# Mauritius, Süßwasserangelbericht



## outlaw Jack (24. Juni 2008)

*Mauritius Süßwasser*


Während meines zweiten Aufenthalts habe ich versucht einige Flüsse, Seen und Bäche zu beangeln. Zum Einsatz gekommen sind dabei eine Spinnrute und eine Fliegenrute.

Zunächst möchte ich kurz beschreiben wie die einheimischen den Fischen nachstellen.
Aus der einheimischen Angelwelt nicht wegzudenken ist die Bambusrute in unterschiedlichen längen an die eine Schnur geknotet wird mit einem winzigen Einzellhaken. In den allermeisten Fällen wird der Haken mir Brot beködert. Zielfisch der Angler auf Mauritius ist meistens der Tilapia.
Obwohl 56 Fischarten auf Mauritius vertreten sind wird vielen nicht nachgestellt, in der Regel liegt es daran das eine Fischart in einem Gewässer dominiert. Meistens ist das der Tilapia der mit 3 Varianten vertreten ist. Größere werden dabei allerdings selten gefangen, die Regel sind Fische die Handgröße nicht überschreiten oder sogar kleiner sind. 

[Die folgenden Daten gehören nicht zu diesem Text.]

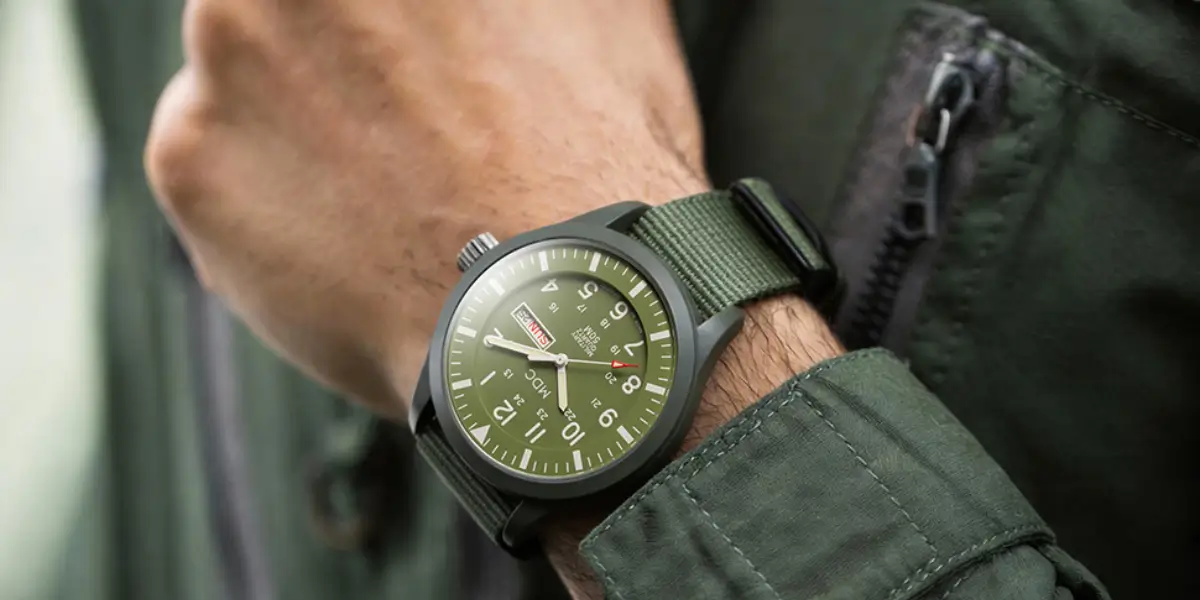 Military-inspired field watch with durable case and fabric strap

Da ich im Norden gewohnt habe waren die Gewässer in der Nähe mein Ziel. Über Google Earth habe ich mir wichtige Stellen ausgedruckt, eine wichtige Hilfe war auch mein Hand GPS das ein leichteres finden der Gewässer ermöglichte, besonders wenn diese versteckt gelegen haben. Ich möchte nicht im einzelnen auf jeden Fluß, Bach oder Tümpel eingehen, es gibt zu viele davon die ich besucht habe und die es nicht wert sind zu beschreiben. Interessant war ein namenloser Tümpel der voll mit Tilapia war, die auf alles gebissen haben, einser Spinner, Fliege, Minihaken mit Brot. 

Im Norden ganz in der Nähe des Hotels „Paradies cove“ liegen 6 Seen die im privaten Besitz sind und an denen nicht geangelt werden darf. Über die Zuckerrohrfelder habe ich einen „inoffiziellen“ Weg gefunden um diese Seen wenigstens anzusehen. In den Seen springen die Fische rum, nicht gerade wenige und auch keine kleinen. Mir gelang es nicht festzustellen um welche Fische es sich handelt. 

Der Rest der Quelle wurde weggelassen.